Now, to take back what I said earlier, DeLong actually discusses something different (though the theme is the same). This is tag team. Thoma does labor market, DeLong does inflation. Brad's problem with Ben is pretty straightforward.
It thus looks like 1 percent is the new 2 percent: with current Federal Reserve policy, we are looking forward to a likely 1 percent core inflation rate for at least another year, and more likely three.Bernanke has certainly made it clear that, in his view, the Fed has a 2% inflation rate target. It is also clear that he wants to focus on core measures of inflation.

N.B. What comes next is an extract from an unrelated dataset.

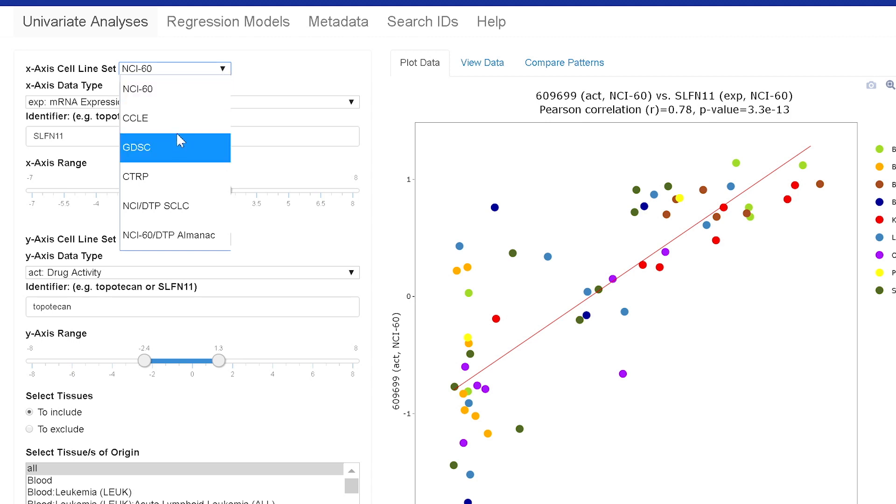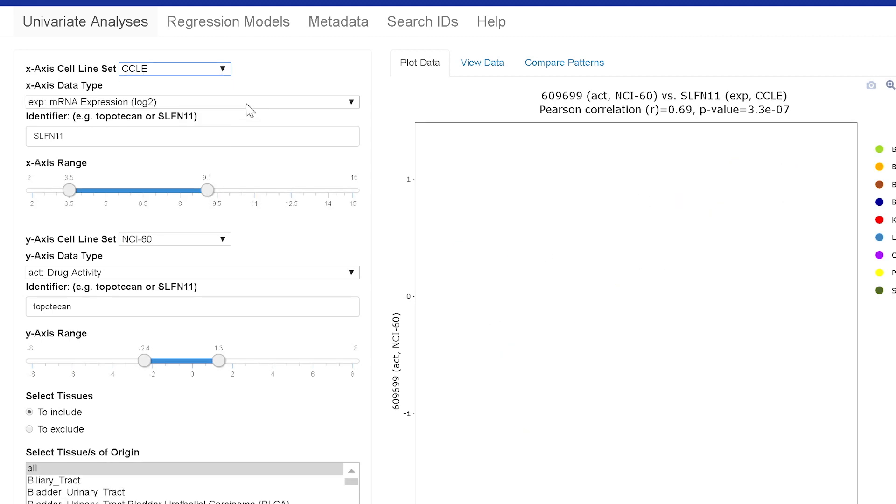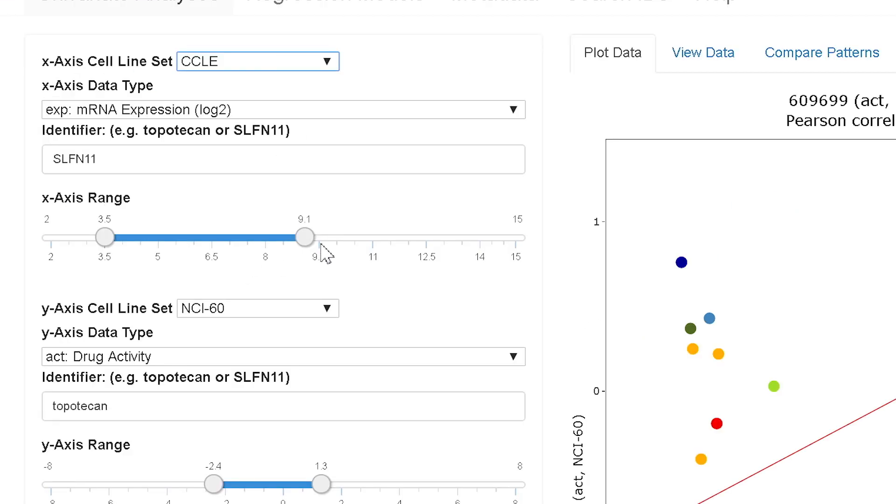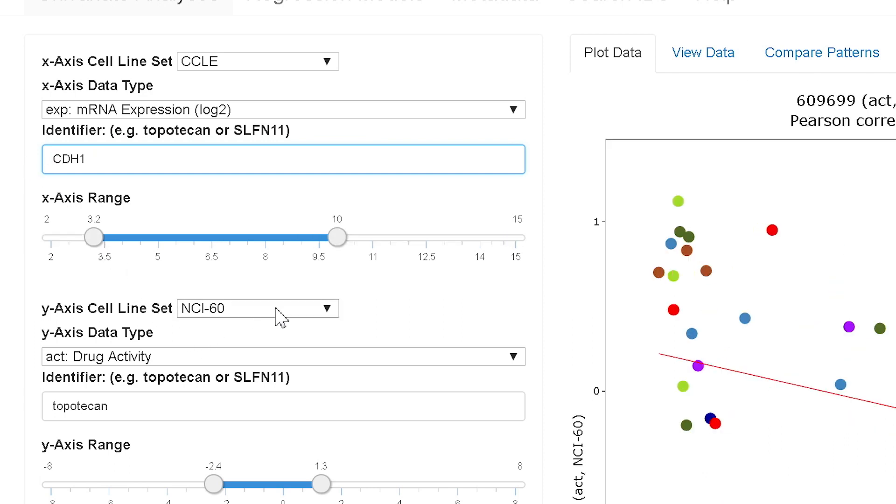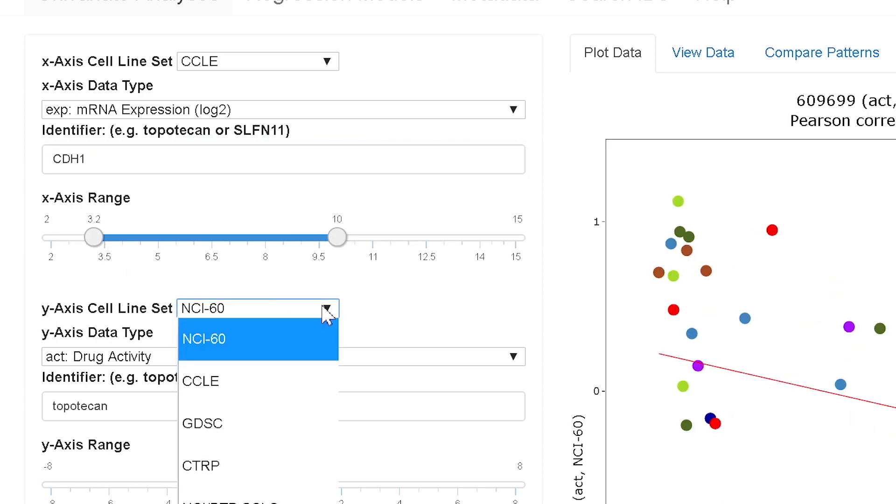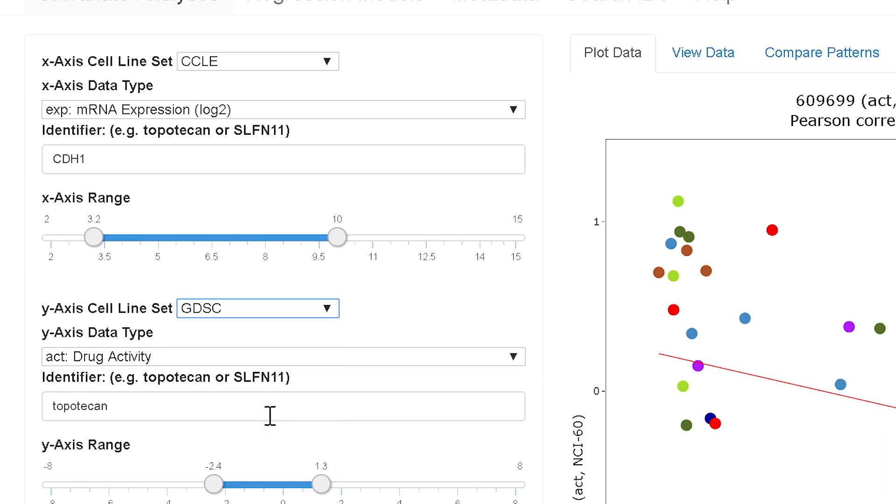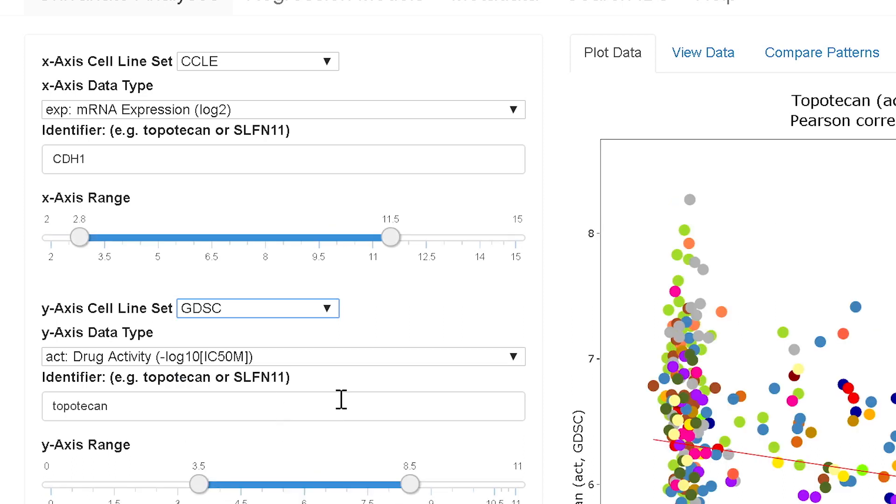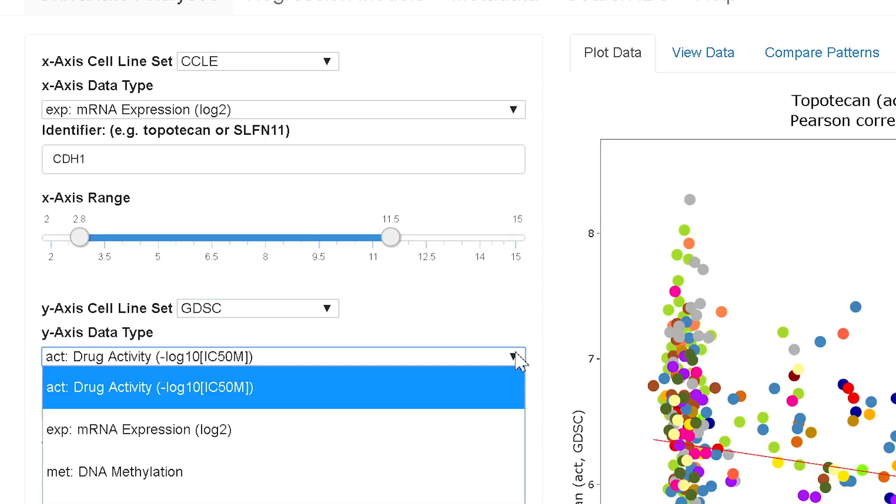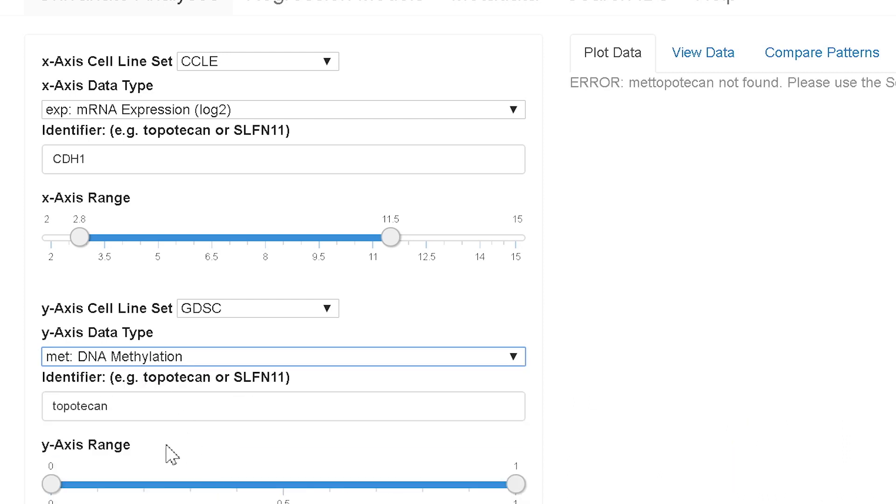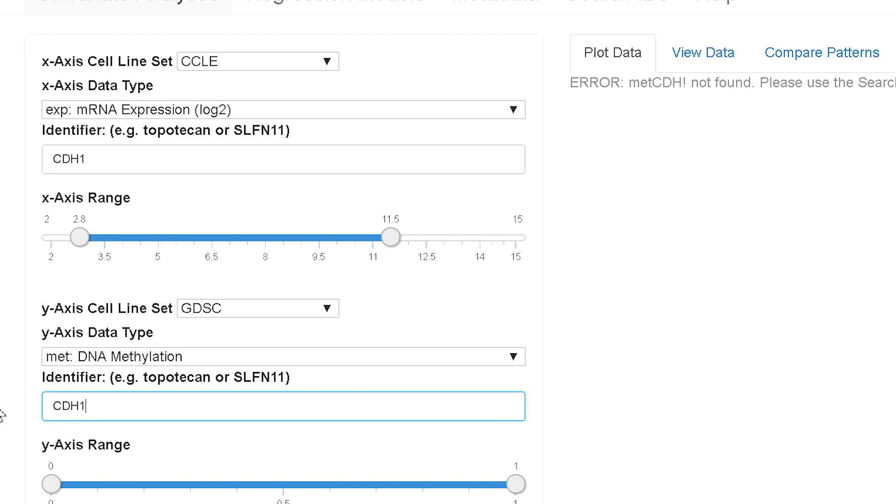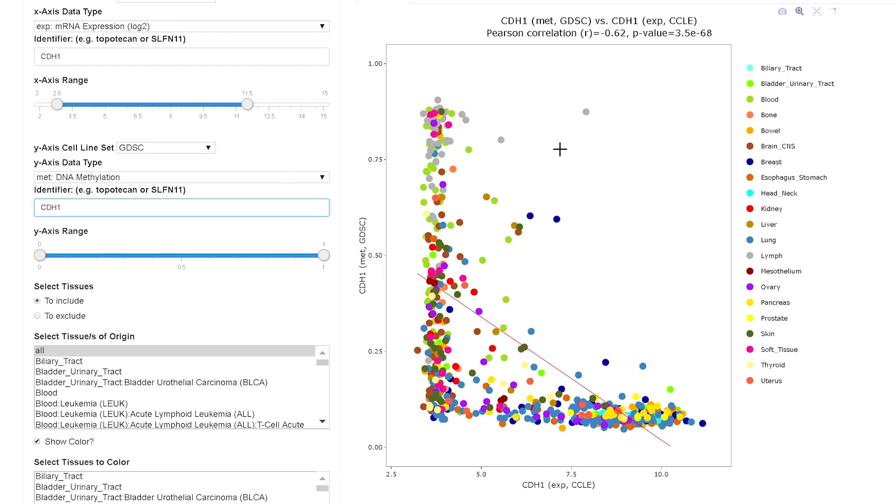I'll switch to a second example so you can see how things work. Now I'm going to the CCLE database, I'm going to change the gene, I'm going to go for the y-axis to the GDSC dataset. Going to DNA methylation, go to the same gene, this is ECAD here.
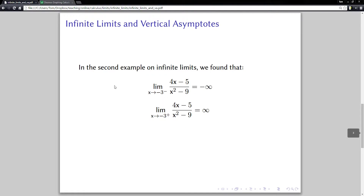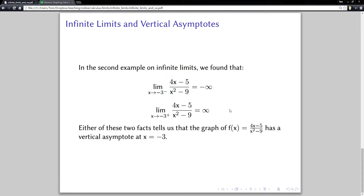Let's look at a quick example. In the second example we had about infinite limits, we calculated these two limits. We found the limit as x goes to negative three from the left of (4x minus 5) over (x squared minus 9) was negative infinity. We also found that the limit as x goes to negative three from the right of that same function was positive infinity. So either of those two facts, by themselves, tell us that the graph of f of x equals (4x minus 5) over (x squared minus 9) has a vertical asymptote at negative three.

We'll take Brad's word for it that PCE deflator inflation, excluding food and energy, is running at about 1%, year-over-year. Clearly that's too low relative to the target, so shouldn't the Fed be doing more to correct that problem?
1. Accommodative monetary policy causes inflation, but with a lag. I think Brad's inflation forecast is on the low side, as maybe Ben does as well. The policy rate has been at essentially zero since fall 2008. Sooner or later (and maybe Ben is thinking sooner) we're going to see the higher inflation in core measures.
2. Maybe Ben is more worried about headline inflation (as I think he should be) than he lets on.
3. Maybe in his press conference Ben did not want to spend his time explaining why the Fed spends its time focusing on core inflation. What every consumer sees is headline inflation, and they are much more aware of the food and energy component than the rest of it.
4. As with my comments on Thoma, there is really no current action that the Fed can take to increase the inflation rate. More quantitative easing won't do anything, so the Fed is stuck with saying things about extended periods with zero nominal interest rates in order to have some influence through anticipated future inflation on inflation today.